With 34 unopposed congressional bets, Buhay party-list Rep. Joselito Atienza on Sunday backed the return of the two-party system in Philippine politics to restore checks and balances.
The large number of congressional and local candidates running unopposed in the mid-term elections had brought to light the country’s “dysfunctional” democracy, he said.
“Having a lone candidate for an elective post is bad for voters who are left with no choice. It is also bad for the government and for our system of checks and balances, and bad for our political parties as well.”
The 34 congressional bets running unchallenged are Neptali Gonzales II of Mandaluyong City; Dale Malapitan of Caloocan City; Wesley Gatchalian of Valenzuela City; Abraham Tolentino, Strike Revilla, Luis Ferrer IV and Alex Advincula of Cavite; Danilo Fernandez of Laguna; Joaquin Chipeco Jr. of Calamba City; Resureccion Acop of Rizal’s Antipolo City; Henry Villarica of Bulacan; Cristina Garcia of Bataan; Charlie Cojuangco of Tarlac; Mario Mariño of Batangas; Franz Alvareza of Palawan; Mark Enverga and Angelina Tan of Quezon and Junie Cua of Quirino; Pablo Ortega or La Union; Elias Bulut of Apayao; Ramon Nolasco Jr. of Cagayan; Arnulfo Teves Jr. of Negros Oriental; Maria Lourdes Arroyo, Leo Cueva and Jose Benitez of Negros Occidental; Vincent Garcia and Isidro Ungab of Davao City; Corazon Malanyaon and Joel Mayo Almario of Davao Oriental; Lorna Bautista-Bandigan of Davao Occidental; Ruwel Gonzaga of Compostella Valley; Jose Tejada of Cotabato; Manuel Zubiri of Bukidnon and Bai Rihan Sakaluran of Sultan Kudarat.
There are also many candidates for governor, mayor and other local posts who are running without rivals, Atienza said.
“Just like in business, competition is absolutely necessary to provide consumers―in this case voters―greater freedom to choose and t encourage fair play,” Atienza said.
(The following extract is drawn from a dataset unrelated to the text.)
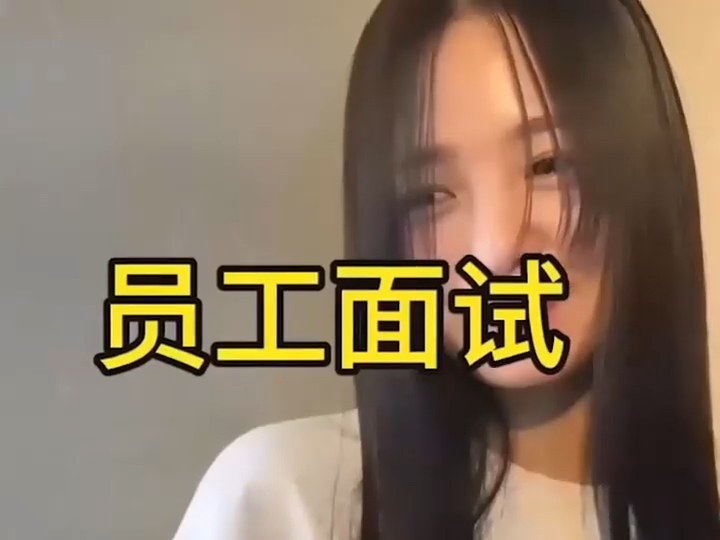 九一上来的新员工!哔哩哔哩bilibili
“What is happening now is that many candidates are just negotiating among themselves with the stronger ones usually buying out their weaker rivals. That would just become merely talk.”
Atienza said there was a need for the return to the two-party system, wherein two major political parties dominated the government.
“As long as we have at least two dominant parties all the time, it is okay to have multiple political parties, Atienza said.
“In the old days, under the two-party system before martial law, there were no unopposed candidates at all.”
The two dominant parties then―the Liberal Party and the Nacionalista Party―had to put up candidates no matter what, he said.
“They each had to look for and field candidates for every post. If a candidate withdraws for any reason, the party had to designate another runner.
“Nowadays, it is possible for an exceptionally strong and popular candidate to run unopposed. This is not possible under a two-party system.”